Cangül, dünya çapında 250 akademisyenle Türkiye’deki en modern eğitim-öğretim binalarında tümü klimalı ve projeksiyonlu sınıf ve amfilerde ayda bin lira veya 2 bin lira burs alarak, 1 yıl yurt içinde başka bir üniversitede burslu okuma imkanı sunduklarını açıkladı. Cangül, şunları söyledi: "Gençlerimiz yurt dışındaki 120 üniversiteyle işbirliği sayesinde de 1 yıl da yurt dışında ücretsiz ve burslu okuma imkânına sahip olarak, yüzde 30 seçmeli ders ile farklı alanlarda uzmanlaşma şansıyla okulumuzda öğrenim görebilirler. Yan dal ve çift ana dal ile ikinci bir meslek sahibi olarak dünyanın her yerinde tanınan bir diplomayı ve eklerini alarak Bursa gibi cennet bir şehirde 3 diploma ve en az 2 sertifika imkânıyla mezun olmak ve mezun olur olmaz iş hayatına atılabilmek isteyen adayların tercih etmesi gereken bir yer 3 yılda bitirilebilen Uludağ Üniversitesi Fen-Edebiyat Fakültesi."

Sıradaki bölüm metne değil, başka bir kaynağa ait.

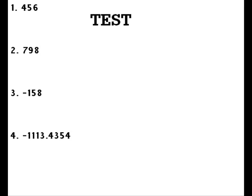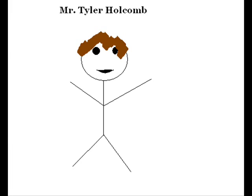Number 1 is 456. Number 2, 798. Number 3, negative 158. Number 4, positive 1113.4354.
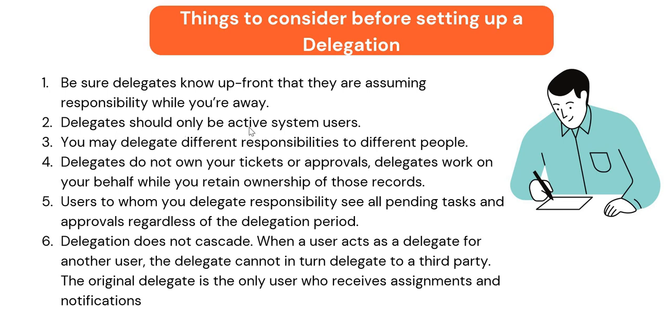Delegates should be an active system users. Obviously those should be active people. You may delegate different responsibilities to different people.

HÜKÜMETLER DEĞİŞTİKÇE ÖĞRETMEN YETİŞTİRME MODELİ DE DEĞİŞTİ

Pedagojik formasyon konusundaki YÖK kararını da değerlendiren Prof. Dr. Cangül, her üniversite öğrencisine öğretmen olma hakkı verilmesi gerektiğini dile getirdi. Cumhuriyet döneminde çok farklı öğretmen yetiştirme modelleri ortaya çıktığına işaret eden Cangül, "Eğitimin adı milli de olsa bir milli mesele olamadı ve kurumsallaşamadı. Hükümetler değiştikçe politikalar ve kadrolar değişti. Hiçbir politika, doğru ya da yanlış, uzun süre geçerli olamadı. Kısacası istikrar sağlanamadı. Son 30 yılda görev yapan 20yi aşkın Milli Eğitim Bakanlarımızın sadece 5 tanesinin öğretmen kökenli olması da acı bir tespittir. Öğretmen yetiştirme konusunda bazı ciddi hatalar yapılmış olsa da gelinen noktada Fen-Edebiyat Fakültelerini tercih eden öğrencilere formasyonu okurken alma hakkının geri verilmiş olması da ülke geleceği açısından oldukça önemlidir. Oldukça güçlü ve yerleşik akademik kadroya ve altyapıya sahip olan Fen-edebiyat Fakülteleri, 1933 yılından beri bilim insanı yetiştirmenin yanı sıra ortaokul ve lise öğretmeni yetiştirmenin en önemli kaynağı olmuştur. 2009 yılında öğrencilerine lisans eğitimi sırasında formasyon alma hakkı tanınan ilk üç üniversiteden biri olan Uludağ Üniversitesi, bu sene de çok sayıda öğrencisine ve mezununa pedagojik formasyon veriyor." şeklinde konuştu.

Bir çok kurumun alan ve formasyon eğitimini tam veremeden öğrenci mezun ettiğini ifade eden Cangül, "Umarım bundan sonra bu iki eğitimin birlikte harmanlandığı bir model kurulur da daha kaliteli öğretmen yetiştirmeye başlarız. Eğitim, ülkemizin, hedeflerine ulaşma yolunda en ciddiyetle ele alması gereken meselesidir. Bu nedenle sırf bir kurum türünden mezun oldu diye kayıtsız şartsız öğretmen olma hakkı vermek yerine, öğretmen olmaya yatkın ve becerikli, aynı zamanda istekli olup bu alanda başarısını da ispatlayan adayları öğretmen olarak değerlendirmeliyiz." dedi.